We will be calculating the saliency map for a few misclassified images. To do so, we first determine the indices of all images that have been misclassified:

In [None]:
misclassifications = np.where(test_labels_est != test_labels.squeeze())[0]
len(misclassifications)

Now we choose the indices of the images we want to get the saliency map for.
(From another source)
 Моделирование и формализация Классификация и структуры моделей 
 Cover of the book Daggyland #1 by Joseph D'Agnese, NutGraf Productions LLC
Here we take the first 12 misclassified images - feel free to change this!

In [None]:
misclass_idx = misclassifications[:12]

The code below calculates and visualizes the saliency map besides the original image, for the images with index given in the list `misclass_idx`.

In [None]:
nMisClass = len(misclass_idx)
figCols = int(2*np.ceil(np.sqrt(2*nMisClass)/2))
figRows = int(np.ceil(2*nMisClass/figCols))
mc_count = 0

fig, axs = plt.subplots(figRows, figCols, figsize=(10, 10))
fig.suptitle('Misclassifications')

for mc in misclass_idx:
    # define image as variable
    my_img = tf.Variable(test_images[mc:(mc+1)], dtype=float)

    # calculate gradient of the output predictions with respect to the image
    with tf.GradientTape() as tape:
        pred = model(my_img, training=False)
        class_idxs_sorted = np.argsort(pred.numpy().flatten())[::-1]
        loss = pred[0][class_idxs_sorted[0]]
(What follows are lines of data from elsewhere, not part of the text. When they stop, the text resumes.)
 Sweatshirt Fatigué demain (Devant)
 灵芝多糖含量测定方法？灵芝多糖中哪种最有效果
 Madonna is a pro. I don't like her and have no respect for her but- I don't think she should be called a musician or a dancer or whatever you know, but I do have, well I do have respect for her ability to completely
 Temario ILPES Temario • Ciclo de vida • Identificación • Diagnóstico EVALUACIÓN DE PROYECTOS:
    grads = tape.gradient(loss, my_img)
    dgrad_abs = tf.math.abs(grads)
    dgrad_max_ = np.max(dgrad_abs, axis=3)[0]

    # normalize to range between 0 and 1
    arr_min, arr_max  = np.min(dgrad_max_), np.max(dgrad_max_)
    grad_eval = (dgrad_max_ - arr_min) / (arr_max - arr_min + 1e-18)

    # display the input image
    axs[mc_count // figCols, mc_count % figCols].set_xticks([])
    axs[mc_count // figCols, mc_count % figCols].set_yticks([])
    title_str = str(mc) + ': est: ' + fashion_mnist_labels[test_labels_est[mc]] \
                + '\ntrue:  ' + fashion_mnist_labels[test_labels[mc]]
    axs[mc_count // figCols, mc_count % figCols].set_title(title_str)
    axs[mc_count // figCols, mc_count % figCols].imshow(np.squeeze(my_img), cmap=plt.cm.binary)

    # display the gradient
    axs[(mc_count+1) // figCols, (mc_count+1) % figCols].set_xticks([])
    axs[(mc_count+1) // figCols, (mc_count+1) % figCols].set_yticks([])
    axs[(mc_count+1) // figCols, (mc_count+1) % figCols].imshow(grad_eval, cmap='jet')

    mc_count += 2

for mc_c in range(mc_count, figRows*figCols):
    axs[(mc_c) // figCols, (mc_c) % figCols].axis('off')

**Exercises:**
- Looking at the original images and the saliency maps above, can you understand why the model misclassified these images?
- You might also look at the saliency map of some of the *correctly* classified images. Do these classification results look reliable?